REVO: OPTIONAL OFFER PURSUANT TO ARTICLE 2437- QUATER, PARAGRAPH 2, OF THE ITALIAN CIVIL CODE

Milan, December 14th, 2021

REVO S.p.A. ("REVO" or the "Company") recalls what has already been communicated on 25th August 2021 and reminds that, upon the outcome of the checks on the withdrawal requests received, the right of withdrawal has been exercised on 259,076 REVO ordinary shares, for a total amount of Euro 2,589,723.70 calculated at the liquidation value of Euro 9.996 for each share.

As a result of the acquisition of a stake in the share capital of Elba Assicurazioni on 30th November 2021, the shares subject to withdrawal are now offered under option, pursuant to art. 2437-quater of the Italian Civil Code, to all REVO shareholders holding REVO shares for which the right of withdrawal has not been exercised.

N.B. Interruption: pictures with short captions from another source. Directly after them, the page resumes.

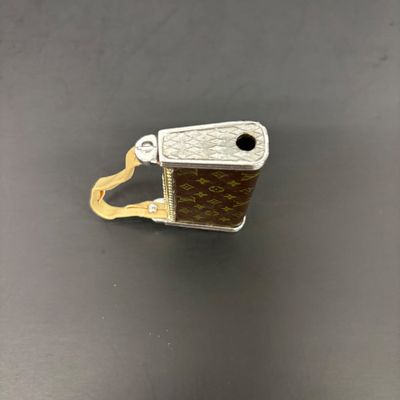 LOT 36: Vintage and Contemporary Lighters with Keychains & More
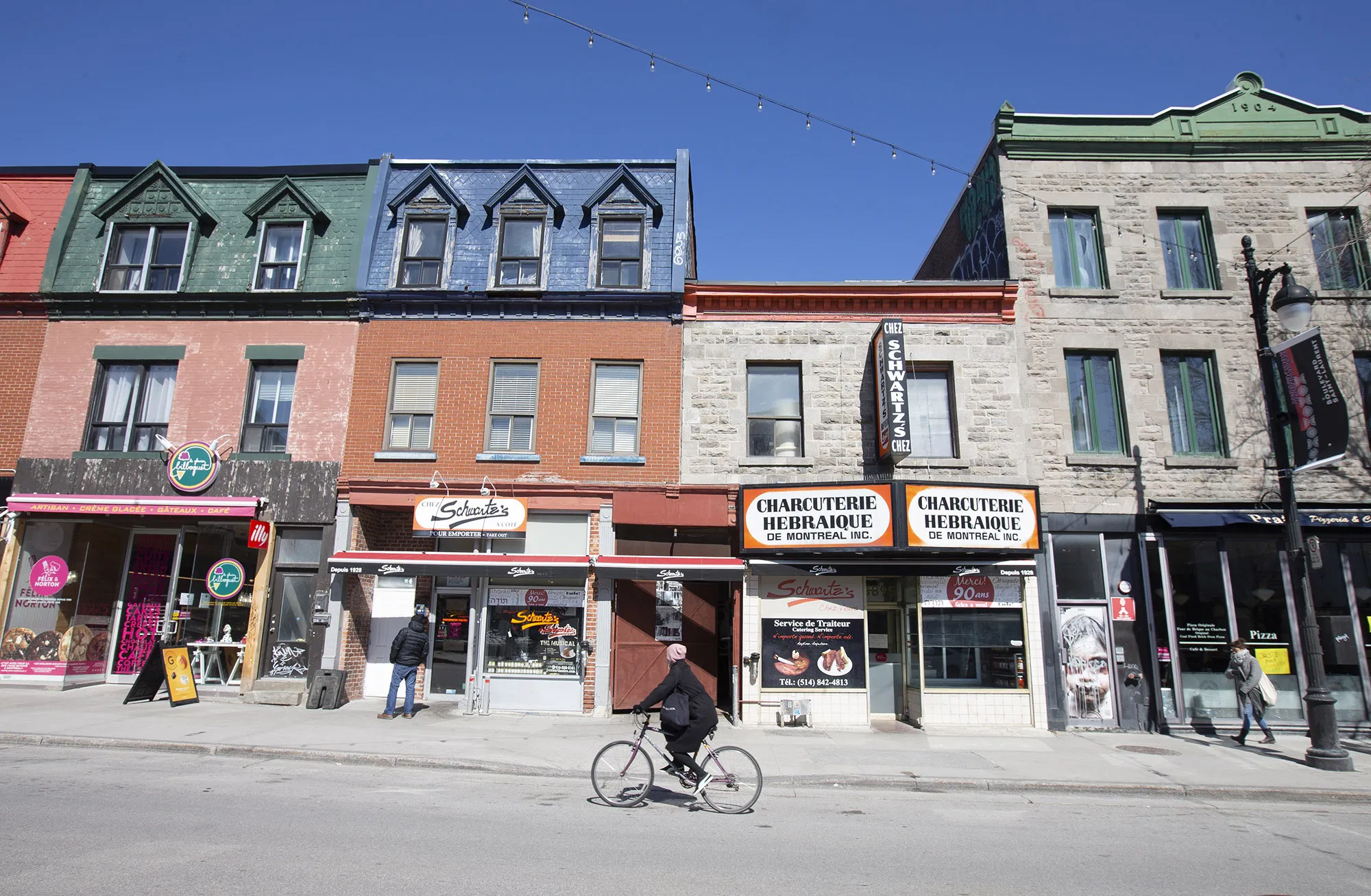 A cyclist rides along a street of small businesses&nbsp;in Montreal, Quebec, Canada.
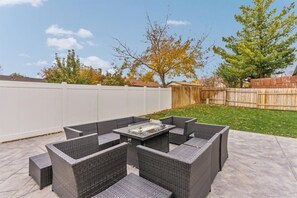 A patio with a square table and four chairs.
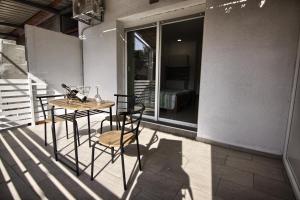 a table and chairs on a patio with a window at Rooms DRAGICA in Pakoštane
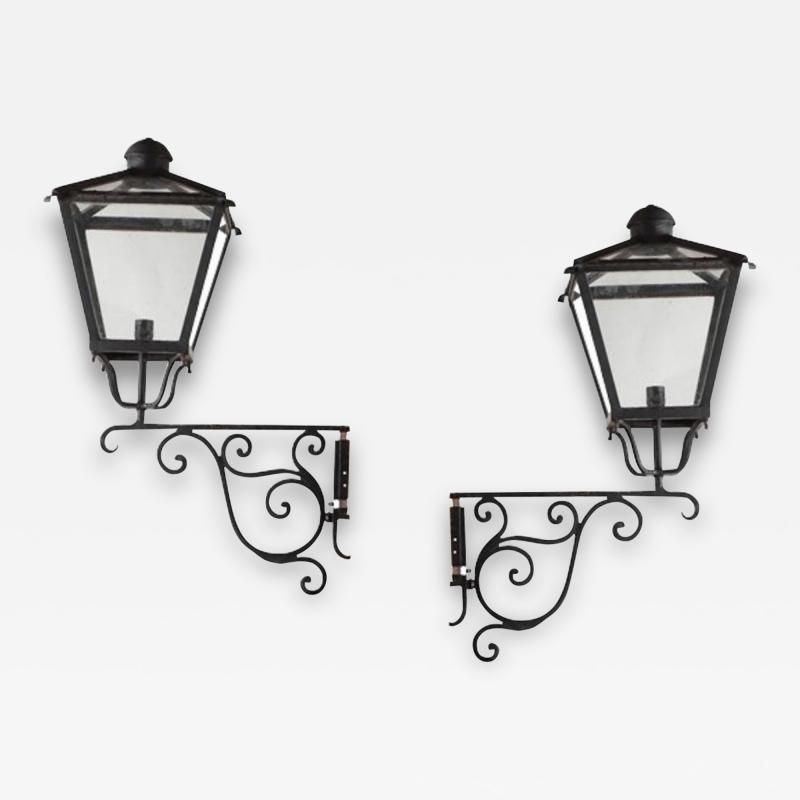 A pair of French iron and bronze lanterns C 1940 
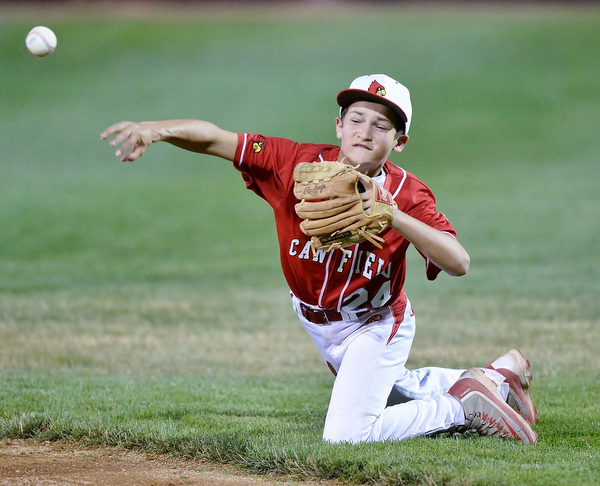 Jeff Lange | The Vindicator  MON, JUL 11, 2016 - Canfield second baseman Drew Carrocce makes a throw to first from his knees after fielding a ground ball sent up the middle in the top of the second inning of Monday's game against Boardman at Field of Dreams in Boardman.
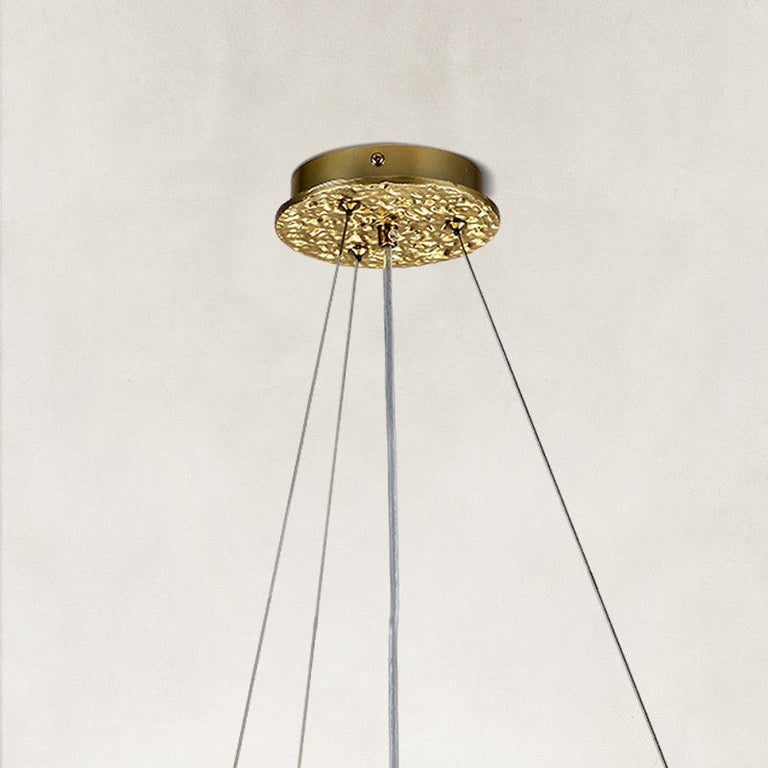 brass-tone deep crystal-branch chandelier canopy detail.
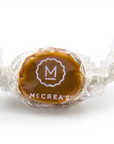 Caramel candy with McCrea's logo on a white background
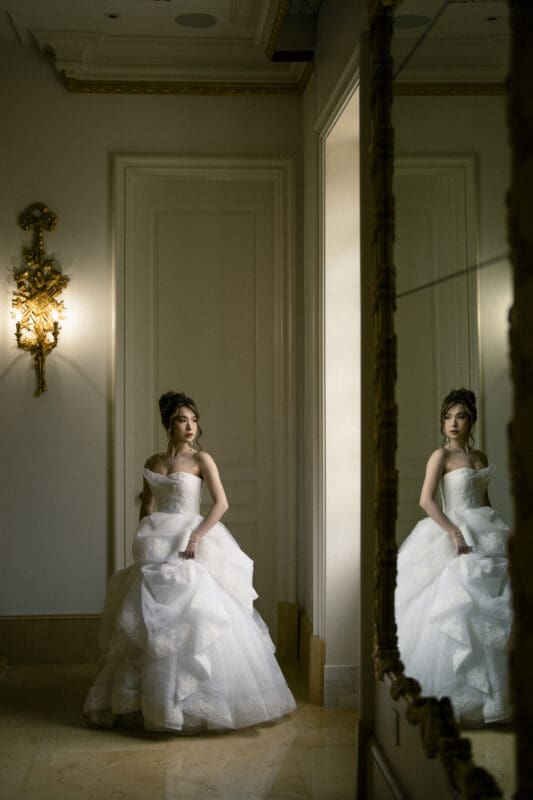 A bride, during her bridal session, stands near a mirrored wall in an elegant room, wearing a white, strapless wedding gown with a voluminous skirt. Soft lighting casts a warm glow, highlighting her reflection in the mirror and the ornate wall sconce beside her.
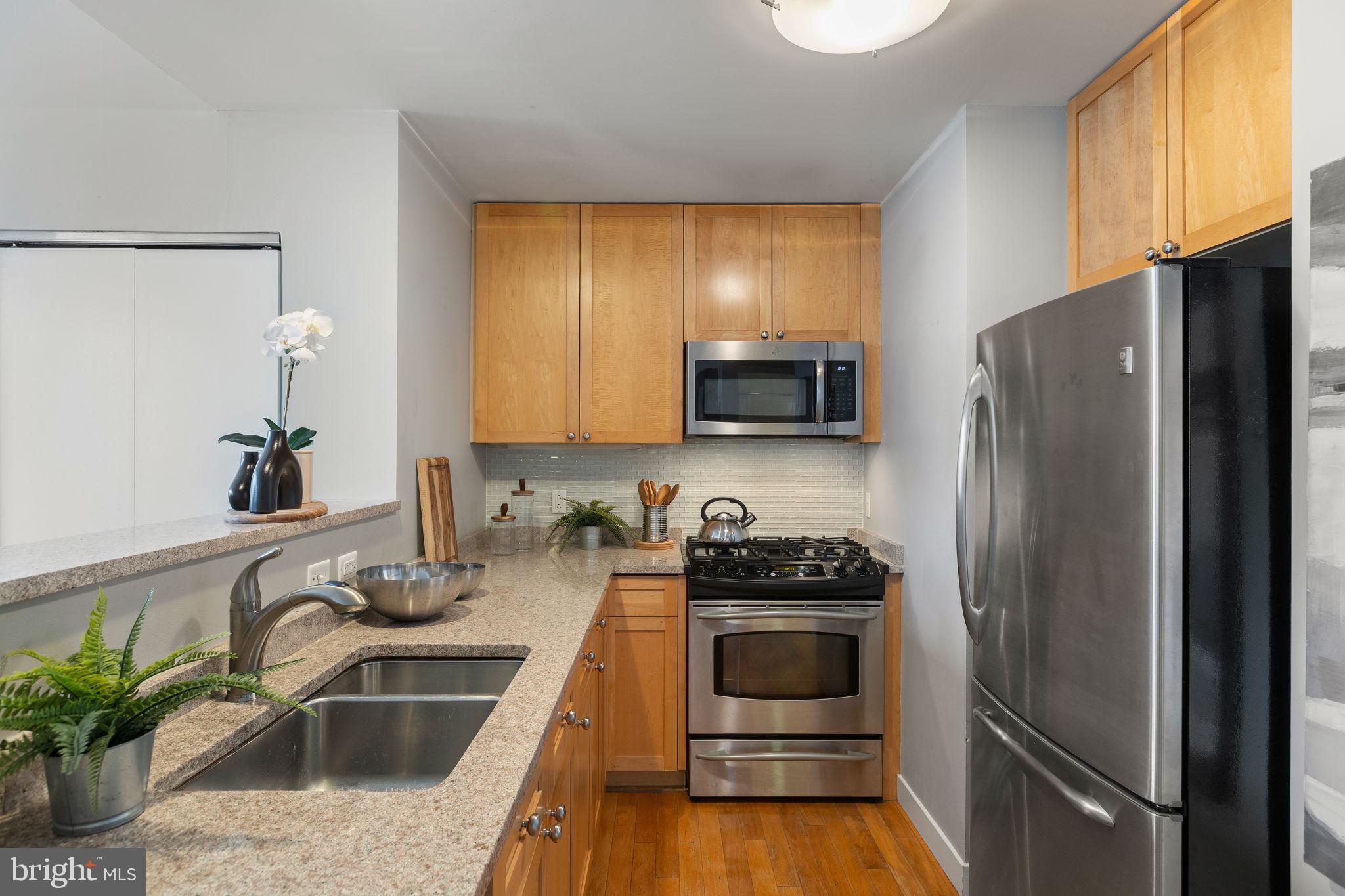 1900 Hamilton Street, Unit D19 Philadelphia, PA 19130 - Photo 8 of 41 a kitchen with a sink stove and refrigerator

It is recalled that the ordinary shares of REVO, including the shares subject to withdrawal, incorporate the right to the assignment of "assignment rights" in accordance with the terms and conditions provided for in the Regulation on Assignment Rights and that the same will be assigned on the date of completion of the liquidation process of the shares subject to withdrawal.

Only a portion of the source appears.